Schindler’s documents sold at auction
BOSTON - Reuters
A one-page letter in German dated Aug 22, 1944, signed by Schindler.
Documents linked to Oskar Schindler, the German industrialist known for his efforts to save Jews from World War II concentration camps, were sold at auction for more than $122,000, a New Hampshire auction house said on Aug. 16.The documents included a rare one-page letter, signed by Schindler and dated Aug. 22, 1944, sent from his enamelware factory in Krakow, Poland, where he employed more than 1,000 Jewish workers from a nearby Nazi concentration camp. The letter was written on behalf of one of Schindler’s employees, Adam Dziedzic. Schindler’s story was recounted in the 1982 novel “Schindler’s Ark” by Thomas Keneally and became the basis of Steven Spielberg’s film “Schindler’s List” in 1993.

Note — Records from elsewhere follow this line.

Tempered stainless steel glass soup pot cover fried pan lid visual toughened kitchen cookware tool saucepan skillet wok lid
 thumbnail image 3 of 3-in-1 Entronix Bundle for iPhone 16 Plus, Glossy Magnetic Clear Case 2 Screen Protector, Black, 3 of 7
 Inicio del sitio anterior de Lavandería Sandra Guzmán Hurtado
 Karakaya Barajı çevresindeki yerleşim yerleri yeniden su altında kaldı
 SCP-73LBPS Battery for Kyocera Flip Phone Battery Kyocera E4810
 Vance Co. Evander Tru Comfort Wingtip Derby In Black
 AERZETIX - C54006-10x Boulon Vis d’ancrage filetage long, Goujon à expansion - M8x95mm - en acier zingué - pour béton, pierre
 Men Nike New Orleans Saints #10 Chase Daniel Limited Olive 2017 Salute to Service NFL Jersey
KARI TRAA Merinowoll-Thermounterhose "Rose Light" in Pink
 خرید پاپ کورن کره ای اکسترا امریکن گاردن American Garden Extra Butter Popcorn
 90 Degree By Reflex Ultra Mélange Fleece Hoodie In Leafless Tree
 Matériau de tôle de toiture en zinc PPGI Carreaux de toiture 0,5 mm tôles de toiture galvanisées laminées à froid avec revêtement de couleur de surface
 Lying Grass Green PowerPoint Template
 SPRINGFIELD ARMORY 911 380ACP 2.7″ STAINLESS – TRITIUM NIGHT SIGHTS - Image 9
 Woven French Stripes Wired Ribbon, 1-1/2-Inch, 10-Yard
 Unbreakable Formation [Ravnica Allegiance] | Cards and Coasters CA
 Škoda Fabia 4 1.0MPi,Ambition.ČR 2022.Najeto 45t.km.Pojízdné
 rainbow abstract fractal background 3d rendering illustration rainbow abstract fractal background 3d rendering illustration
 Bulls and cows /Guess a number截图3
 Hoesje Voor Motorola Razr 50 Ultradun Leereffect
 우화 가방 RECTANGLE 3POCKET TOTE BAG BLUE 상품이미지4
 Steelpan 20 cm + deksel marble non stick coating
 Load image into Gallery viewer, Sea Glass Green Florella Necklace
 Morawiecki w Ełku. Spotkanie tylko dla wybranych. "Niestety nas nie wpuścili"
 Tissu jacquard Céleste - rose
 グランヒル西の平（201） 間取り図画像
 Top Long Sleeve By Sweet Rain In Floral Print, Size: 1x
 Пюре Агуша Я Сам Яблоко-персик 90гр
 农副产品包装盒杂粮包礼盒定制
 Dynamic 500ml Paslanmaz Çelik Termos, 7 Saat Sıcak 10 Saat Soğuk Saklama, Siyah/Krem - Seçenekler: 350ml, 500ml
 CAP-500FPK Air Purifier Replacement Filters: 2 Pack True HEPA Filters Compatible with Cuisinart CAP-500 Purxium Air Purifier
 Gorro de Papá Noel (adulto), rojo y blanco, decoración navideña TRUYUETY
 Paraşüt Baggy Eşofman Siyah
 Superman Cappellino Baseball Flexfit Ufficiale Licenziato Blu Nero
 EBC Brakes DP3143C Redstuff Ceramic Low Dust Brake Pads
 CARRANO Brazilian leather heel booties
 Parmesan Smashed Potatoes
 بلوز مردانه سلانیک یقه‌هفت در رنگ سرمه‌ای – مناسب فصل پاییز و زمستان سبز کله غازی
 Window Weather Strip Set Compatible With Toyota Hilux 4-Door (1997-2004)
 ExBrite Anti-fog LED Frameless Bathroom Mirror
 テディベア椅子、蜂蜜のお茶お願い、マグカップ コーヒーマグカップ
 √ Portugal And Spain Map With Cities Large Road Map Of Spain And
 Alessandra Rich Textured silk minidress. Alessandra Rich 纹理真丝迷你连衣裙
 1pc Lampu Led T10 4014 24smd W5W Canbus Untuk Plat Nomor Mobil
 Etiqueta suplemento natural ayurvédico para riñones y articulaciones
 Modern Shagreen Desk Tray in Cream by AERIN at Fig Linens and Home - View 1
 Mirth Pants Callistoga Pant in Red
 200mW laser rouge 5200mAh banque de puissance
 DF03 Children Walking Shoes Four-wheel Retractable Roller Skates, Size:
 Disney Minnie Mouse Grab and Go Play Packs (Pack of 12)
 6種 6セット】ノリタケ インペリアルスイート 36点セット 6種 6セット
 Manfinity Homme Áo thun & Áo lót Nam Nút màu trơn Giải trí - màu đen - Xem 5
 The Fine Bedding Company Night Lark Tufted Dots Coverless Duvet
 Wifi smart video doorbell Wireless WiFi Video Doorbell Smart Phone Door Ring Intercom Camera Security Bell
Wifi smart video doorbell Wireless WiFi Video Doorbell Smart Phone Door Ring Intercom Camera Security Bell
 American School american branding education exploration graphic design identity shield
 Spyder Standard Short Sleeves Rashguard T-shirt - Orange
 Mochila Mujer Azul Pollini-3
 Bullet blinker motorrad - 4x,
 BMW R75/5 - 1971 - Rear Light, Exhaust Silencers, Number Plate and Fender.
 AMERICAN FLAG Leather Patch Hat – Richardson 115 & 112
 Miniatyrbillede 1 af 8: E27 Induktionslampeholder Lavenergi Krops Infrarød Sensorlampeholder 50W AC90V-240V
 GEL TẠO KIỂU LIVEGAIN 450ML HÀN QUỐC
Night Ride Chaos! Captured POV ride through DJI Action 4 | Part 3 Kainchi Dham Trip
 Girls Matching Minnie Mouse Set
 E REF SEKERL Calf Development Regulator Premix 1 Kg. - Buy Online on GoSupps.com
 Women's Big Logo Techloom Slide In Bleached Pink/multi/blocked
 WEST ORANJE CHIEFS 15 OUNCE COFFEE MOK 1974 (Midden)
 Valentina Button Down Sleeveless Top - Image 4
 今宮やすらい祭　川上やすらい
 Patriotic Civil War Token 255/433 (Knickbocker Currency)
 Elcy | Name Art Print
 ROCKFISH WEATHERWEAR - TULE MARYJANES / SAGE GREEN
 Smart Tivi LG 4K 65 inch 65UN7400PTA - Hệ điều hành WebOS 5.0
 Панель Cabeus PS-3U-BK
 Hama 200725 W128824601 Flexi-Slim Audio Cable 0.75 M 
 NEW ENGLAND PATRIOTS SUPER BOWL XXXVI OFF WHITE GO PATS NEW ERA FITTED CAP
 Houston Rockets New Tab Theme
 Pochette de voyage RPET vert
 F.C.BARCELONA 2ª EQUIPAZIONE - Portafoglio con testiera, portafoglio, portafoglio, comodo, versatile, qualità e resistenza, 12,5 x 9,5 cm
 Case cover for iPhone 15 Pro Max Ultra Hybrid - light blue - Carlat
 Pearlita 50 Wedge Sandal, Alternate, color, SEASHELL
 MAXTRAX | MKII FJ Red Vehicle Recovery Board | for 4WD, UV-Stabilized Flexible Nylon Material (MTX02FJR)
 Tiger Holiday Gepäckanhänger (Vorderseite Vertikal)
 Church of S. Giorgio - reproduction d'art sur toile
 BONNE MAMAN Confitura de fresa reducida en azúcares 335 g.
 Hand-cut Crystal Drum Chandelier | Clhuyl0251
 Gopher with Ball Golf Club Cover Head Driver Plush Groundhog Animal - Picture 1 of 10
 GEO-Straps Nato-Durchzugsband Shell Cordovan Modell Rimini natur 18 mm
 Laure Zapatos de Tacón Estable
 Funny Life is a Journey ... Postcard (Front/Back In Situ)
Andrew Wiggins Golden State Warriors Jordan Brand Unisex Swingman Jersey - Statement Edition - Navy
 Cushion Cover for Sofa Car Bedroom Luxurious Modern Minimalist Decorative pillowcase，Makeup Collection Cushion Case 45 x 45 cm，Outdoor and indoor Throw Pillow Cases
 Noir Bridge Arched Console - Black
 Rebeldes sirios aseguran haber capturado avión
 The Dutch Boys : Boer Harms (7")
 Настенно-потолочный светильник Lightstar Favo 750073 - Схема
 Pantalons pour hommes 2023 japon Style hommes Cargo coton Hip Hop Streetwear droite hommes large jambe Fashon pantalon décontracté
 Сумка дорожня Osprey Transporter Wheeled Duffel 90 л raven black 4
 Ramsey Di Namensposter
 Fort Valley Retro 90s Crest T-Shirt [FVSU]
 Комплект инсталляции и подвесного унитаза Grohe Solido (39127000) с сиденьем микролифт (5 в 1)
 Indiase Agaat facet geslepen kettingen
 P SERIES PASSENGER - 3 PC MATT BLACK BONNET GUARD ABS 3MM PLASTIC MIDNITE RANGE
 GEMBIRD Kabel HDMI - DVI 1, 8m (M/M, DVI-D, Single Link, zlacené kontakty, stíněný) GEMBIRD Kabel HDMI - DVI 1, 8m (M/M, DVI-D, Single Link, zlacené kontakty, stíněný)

Schindler had learned in the summer of 1944 that the Nazis planned to close factories unrelated to the war effort. Through bribery and personal connections, he won permission to produce arms and move the factory and its workers to Brunnlitz, in Sudetenland, or Sudetengau, in what is now Czech Republic. The nine or 10 lists of employees he submitted to the Nazis became known collectively as “Schindler’s list.”